Besonders deutlich wird das auf der Kontaktmesse konaktiva. Einmal im Jahr werben Unternehmen in den Dortmunder Westfalenhallen um Studenten. An aufwändig gestalteten Ständen präsentieren sie ihren Betrieb, ihre Produkte und sprechen mit Studenten, um sie für ihr Unternehmen zu begeistern. Im Idealfall kommt für die Studenten dabei ein Praktikum oder sogar ein Job rum. Andere bekommen die Möglichkeit, eine Abschlussarbeit zu schreiben. Große Namen aus der ganzen Welt wie Amazon, Volkswagen und Miele sind vertreten. Nur wer als Geisteswissenschaftler auf die Messe kommt, wird feststellen: „Wir werden hier nicht gesucht.“

Kaum ein Unternehmen braucht Geisteswissenschaftler

Dabei ist es nicht so, als würde sich die konaktiva nicht mehr Geisteswissenschaftler auf der Messe wünschen: „Die konaktiva ist nicht nur für Ingenieure und Wirtschaftswissenschaftler“, heißt es vom Veranstalter. „Wir finden aber kaum Unternehmen, die Geisteswissenschaftler suchen. Es gibt scheinbar kaum ein Angebot in diesem Bereich.“

Die Bemühungen der konaktiva-Veranstalter konnten in diesem Jahr erstmals ein Angebot für angehende Lehrer auf die Messe locken. Das Ministerium für Lehre und Weiterbildungen NRW war mit einem Stand vertreten. Nachfrage danach gibt’s in Dortmund genug. Schließlich zählt die Fakultät „Erziehungswissenschaften, Psychologie und Soziologie“ mehr als 4000 Studenten und ist damit die zweitgrößte der TU. Auf Platz vier liegt die Fakultät Kulturwissenschaften.

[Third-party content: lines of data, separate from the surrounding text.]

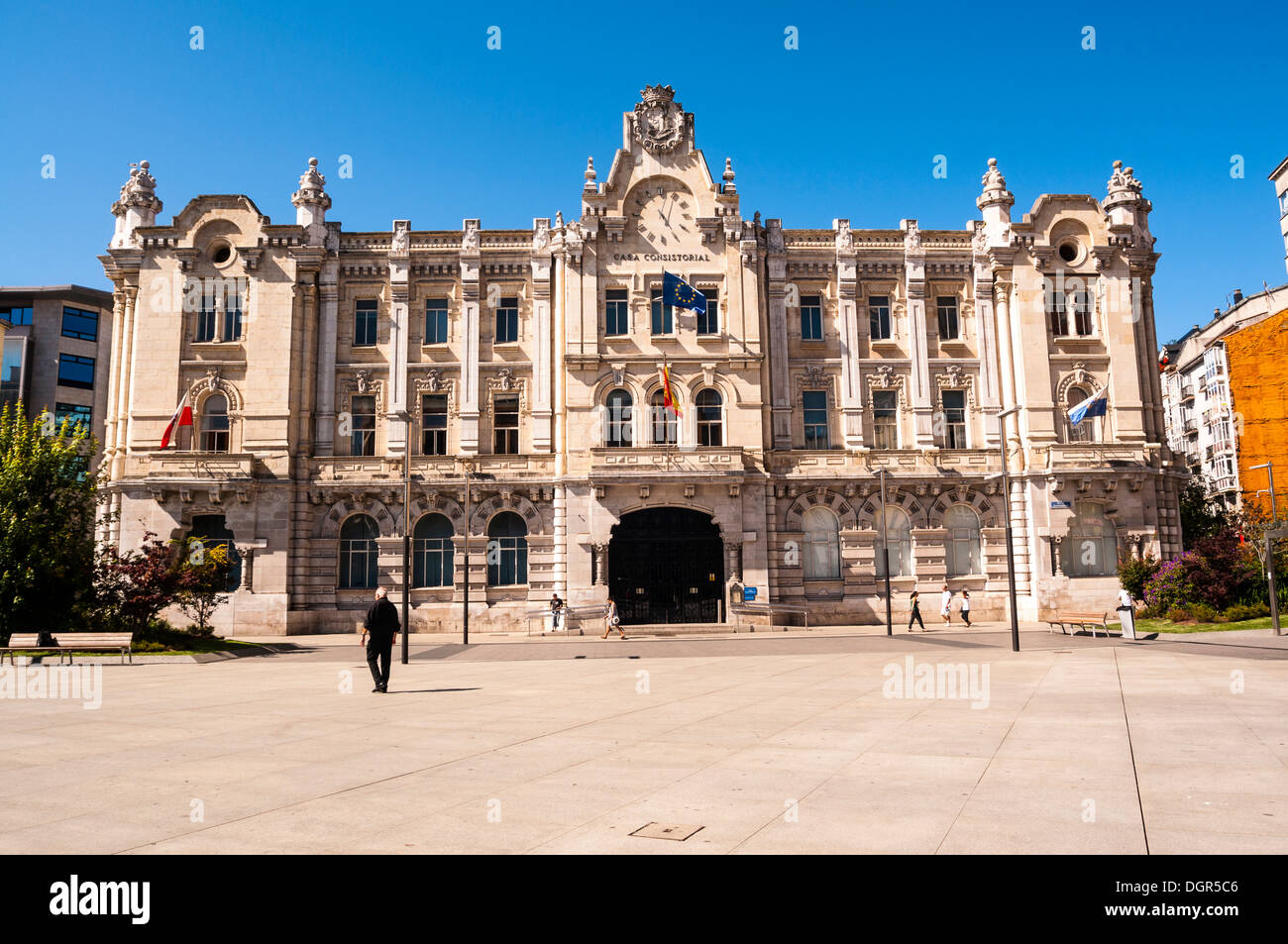 Plaza del Ayuntamiento y Casa Consistorial, Santander, España Banque D'Images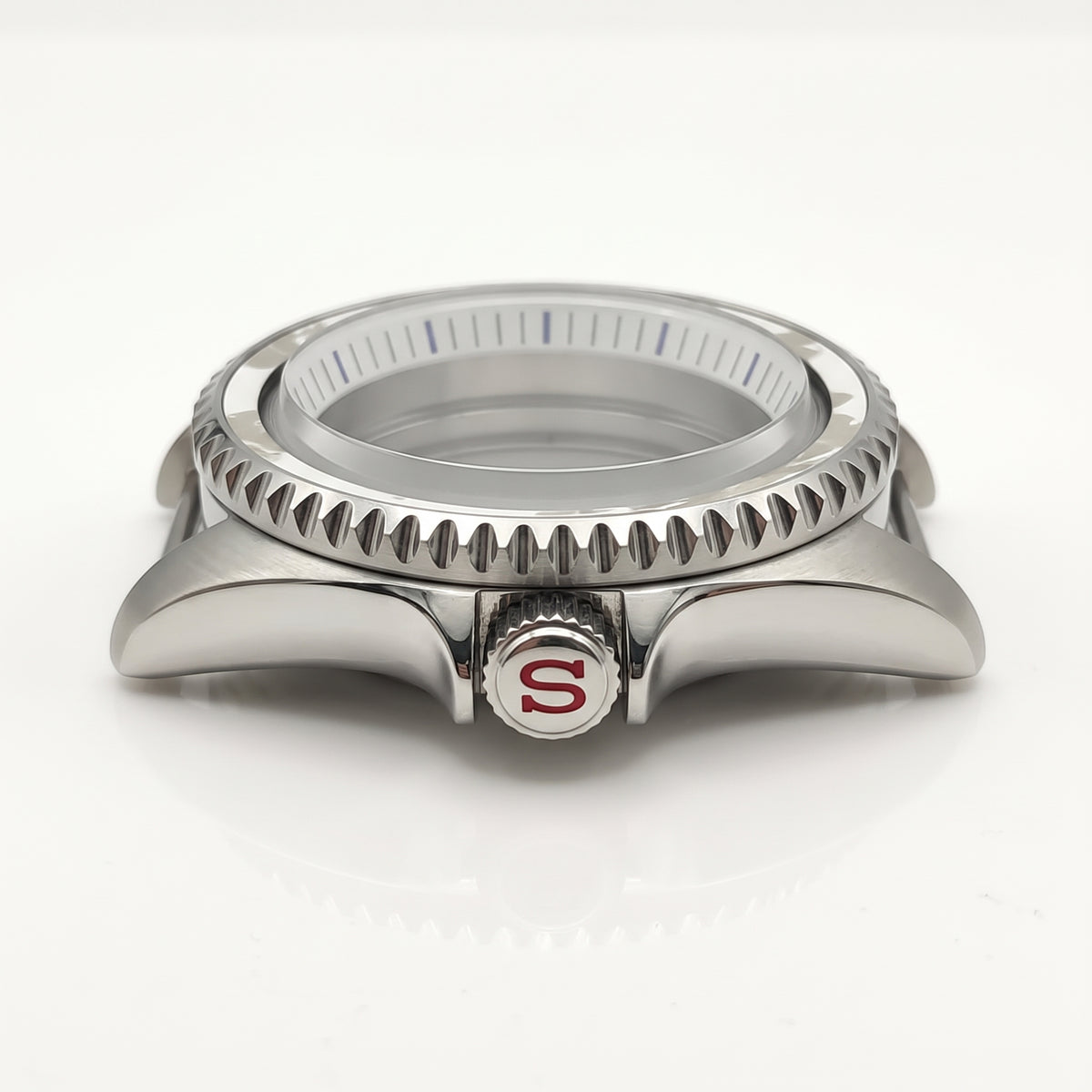 Silver / Blue Stainless steel Watch Case 42 mm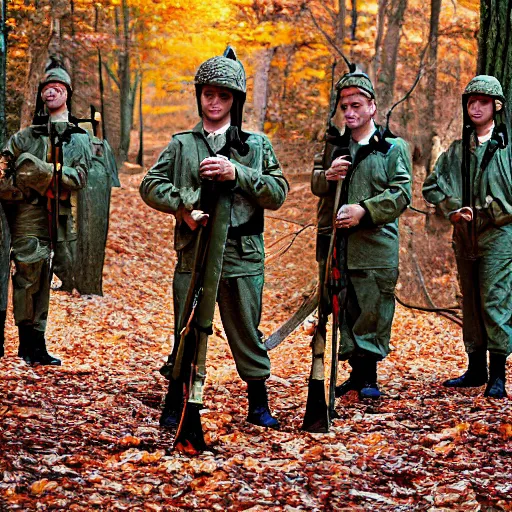 Prompt: portrait of soldiers armed with leaf blowers in a fall forest, by Steve McCurry and David Lazar, natural light, detailed face, CANON Eos C300, ƒ1.8, 35mm, 8K, medium-format print
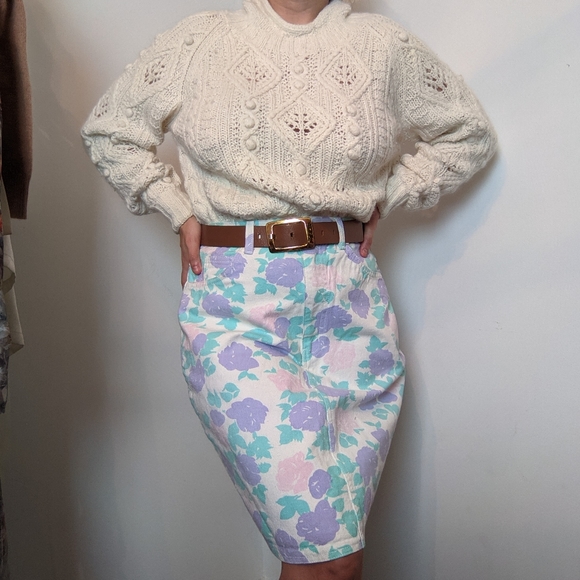 Vintage highwaised Pastel Floral denim penci skirt - Picture 13 of 15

Jobs in der Kinderbetreuung

Informieren sich Geisteswissenschaftler an den anderen Ständen der konaktiva, werden sie kaum fündig. „Für Geisteswissenschaftler haben wir im Moment keinen Bedarf“, heißt es etwa bei Vaillant. „In Bereichen wie der PR brauchen wir Leute, die sich mit unseren Produkten gut auskennen. Da setzen wir keine Geisteswissenschaftler ein.“ Das Unternehmen sucht auf der Messe vor allem Maschinenbauer und Elektroingenieure.

Blickt man als Geisteswissenschaftler auf die Jobs, die auf der konaktiva angeboten werden, wird man schnell ernüchtert. Voraussetzung ist meist ein Ingenieurs- oder Wirtschaftsstudium. "Literaturwissenschaften" oder "Soziologie" findet man hier nie.

Blickt man als Geisteswissenschaftler auf die Jobs, die auf der konaktiva angeboten werden, wird man schnell ernüchtert. Voraussetzung ist meist ein Ingenieurs- oder Wirtschaftsstudium.

„Die Nachfrage nach Geisteswissenschaftlern wird aber langsam mehr“, meint Jan Peter Ihmann, der für BASF junge Kräfte sucht. „Wir wollen einen guten Mix herstellen. Die Produktion basiert natürlich weiter auf Leuten aus Forschung und Wirtschaft. Immer wichtiger werden aber auch Sachen wie Kinderbetreuung und die Organisation von Events. Dafür suchen wir Geisteswissenschaftler.“

Nicht auf Stellenanzeigen warten

Braucht die freie Wirtschaft Geisteswissenschaftler also nur als Kinderbetreuer und Eventveranstalter? In einem Interview mit Spiegel Online ruft Martha Meyer-Althoff von der Uni Hamburg Geisteswissenschaftler dazu auf, sich selbst den Weg in die Unternehmen zu erarbeiten. Sie sollten nicht auf Stellenanzeigen warten, in denen sie gesucht werden. Kaum ein Arbeitgeber suche schließlich gezielt nach ihnen.

Das macht deutlich, wo der Unterschied zwischen den Geisteswissenschaftlern und vielen anderen Uni-Absolventen liegt: Um Ingenieure & Co. buhlen die Unternehmen. Auf Kontaktmessen wie der konaktiva haben sie beste Chancen, einen Arbeitgeber zu finden. Geisteswissenschaftler hingegen müssen sich bei den Unternehmen präsentieren und zeigen, warum sie Vorzüge haben gegenüber Studenten, die eine Laufbahn absolviert haben, die klassischer für einen Job in der freien Wirtschaft scheint.

Eine offenere Haltung zu Geisteswissenschaftlern gebe es laut Meyer-Althoff in den angloamerikanischen Ländern. Hier könnten sie auch Jobs in Großbanken finden.

In Deutschland scheint das noch schwer bis unmöglich. Wenn sich Geisteswissenschaftler jetzt aber ins Gespräch bringen und aktiv auf Firmen zugehen, haben sie bald vielleicht auch in der hiesigen Wirtschaft die Chance, in anderen Bereichen als der Kinderbetreuung und Eventveranstaltung zu arbeiten.